Melbourne’s Chinese Museum

Travelling Well | Words: Ronald Millar | Photos: Anne Morley | Posted on 12 June 2017

Just off Little Bourke Street is a treasure trove telling the story of Chinese migration to Australia.

Chinatown. The word has an exotic ring to it. Just off Little Bourke St you can spend an hour in Melbourne’s Chinese Museum and come out believing in dragons; these ones anyway, which include the biggest processional dragon in the world.

Other ravishing creatures with golden scales and silken drapes guard the ground floor. Drums, banners, festive robes and mythical mutants, lanterns, animals, weapons: this is the stuff of celebration.

That’s just the most dramatic bit of this museum, which documents Chinese migration to Australia, and perhaps specially to Melbourne, since there are many photographs and fascinating objects about early Chinatown shop fronts, including a huge original laundry sign, a relic that belongs in spirit to some gold-rush saloon.

Millennium dragon against black backdrop

For other origins, it’s best to go first to the basement, which has a spookily convincing reconstruction of a mine and living quarters to show how the first Chinese here (almost all men) dug their way into the goldfields in the 1850s. At that time they were 25 per cent of the mining population. Now the percentage of people with Chinese heritage in Australia is about 3.5 per cent.

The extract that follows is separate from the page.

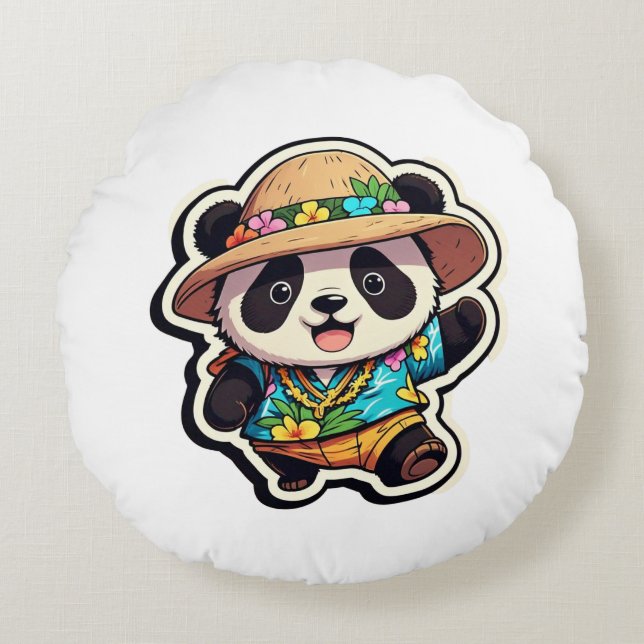 Cojín Redondo Paraíso de Hawaii Panda (Anverso)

When the gold rush petered out, things got tough for those who stayed, and tougher still in 1901, when the White Australia Policy excluded most Asian migration, imposing the dictation test that prospective migrants were meant to fail.

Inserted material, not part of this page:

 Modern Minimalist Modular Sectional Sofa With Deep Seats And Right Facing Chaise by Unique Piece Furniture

The museum follows the diverse occupations and cultural links that the Chinese developed here. We see the start of a thriving restaurant scene, the specialist furniture workshops, the first boarding houses that began in 1855.

Large decorative works on paper seem to embody the spirit of the museum in the most direct way possible.

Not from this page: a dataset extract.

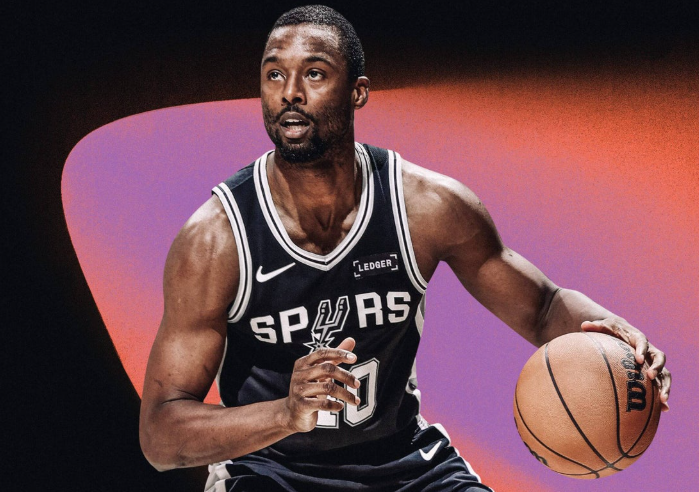 San Antonio Spurs player during playoff recap in press room.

As you’d expect from a country with such a rich artistic and inventive history, there are some intriguing objects: a dulcimer that looks as if you play it like a zither, a replica of a old seismograph perhaps made before Europeans got serious about measuring earthquakes, and the most sumptuous ceremonial clothes.

And if you were wondering about that really inscrutable-looking machine, it turns out to be a Chinese typewriter.

Not the least pleasant experience is an upstairs display of large decorative works on paper, apparently made by students, that seems to embody the spirit of the museum in the most direct way possible.

This place has one level devoted to the personal stories of Chinese-speaking migrants from other countries: (Malaysia, Hong Kong, Singapore, etc). A guide was taking a group of students from a variety of backgrounds through the exhibitions, a nice example of the cultural diversity that this institution helps foster.

There’s a shop, a changing program of temporary shows, a magnificent Chinese bed that looks like some strange combination of a four-poster and a very large confessional, and various voice-over anecdotes and multi-media excursions into Chinese history, scenery and music.

Children are well catered for by the Millennium dragon’s audio-visual story. He only comes out to play twice a year, once for the Chinese New Year and once for Moomba.


Where: The Chinese Museum, 22 Cohen Place, Melbourne
Open: 10am–4pm (Except: Good Friday, Christmas and New Year)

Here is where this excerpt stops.